All three are still bewildered by the direction they were given to lie to potential customers, saying that they were in a competition to win points. They say that the competition to win $2,000 cash and a trip were scams to get them to do sales.
“One day during the meeting the manager, he asked, ‘Now, are you guys lying to the Jonses?’ They call the Jonses regular people,” James says. “We’re all like (shaking) our heads, and he’s like, ‘You better start then.’ They said … do whatever it takes to make the sales – lying, don’t matter what it is.’ ”
Monty finally ended up going along just to make some cash.
“I would say, ‘Are you familiar with the Gift of Giving? The Gift of Giving is we send a children’s magazine to the St. Jude’s Hospital or we send a magazine to the troops,’ ” he says.
“Also, a dollar could secure us 100 points. That was something I came up with because I wasn’t making any money, so I really was depending on the donations for food and stuff.
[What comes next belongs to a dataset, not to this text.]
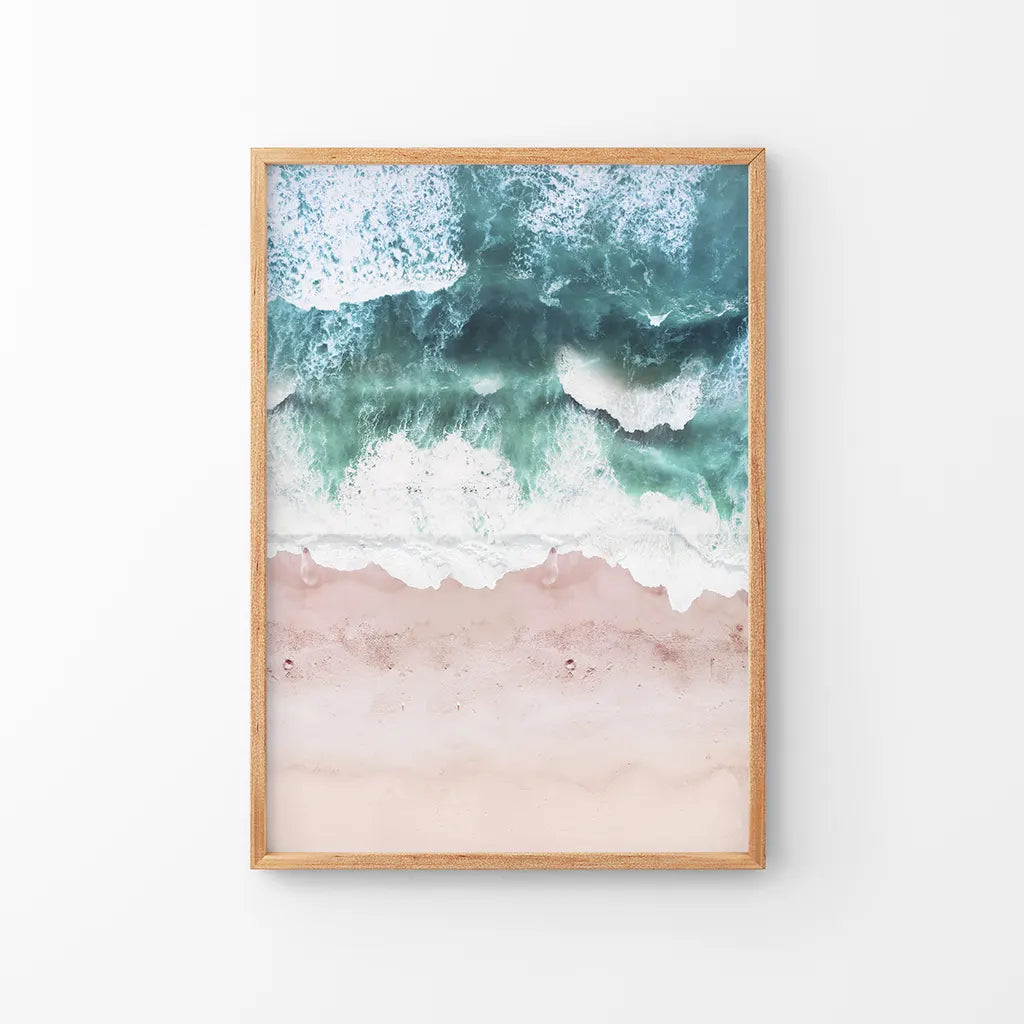 Aerial coastal ocean print pink beach blue waves wall art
And I would just tell them, ‘Whatever you feel comfortable donating, that also secures us points.’ ”
All three young men are now home thanks to United Way and a host of anti-trafficking and outreach workers. But this story will play out over and over again.
“Trafficking is happening here in Colorado,” Croucher says. “It’s happening frequently. It’s happening to so many different types of people there’s no way to stereotype what a trafficking victim looks like and what a trafficker looks like. So, I’d really like people to think outside the box … call our hotline – the Colorado Network to End Human Trafficking; we’re available 24 hours a day, seven days a week. You can call with tips. You can call with suggestions, needs for training – whatever it is.”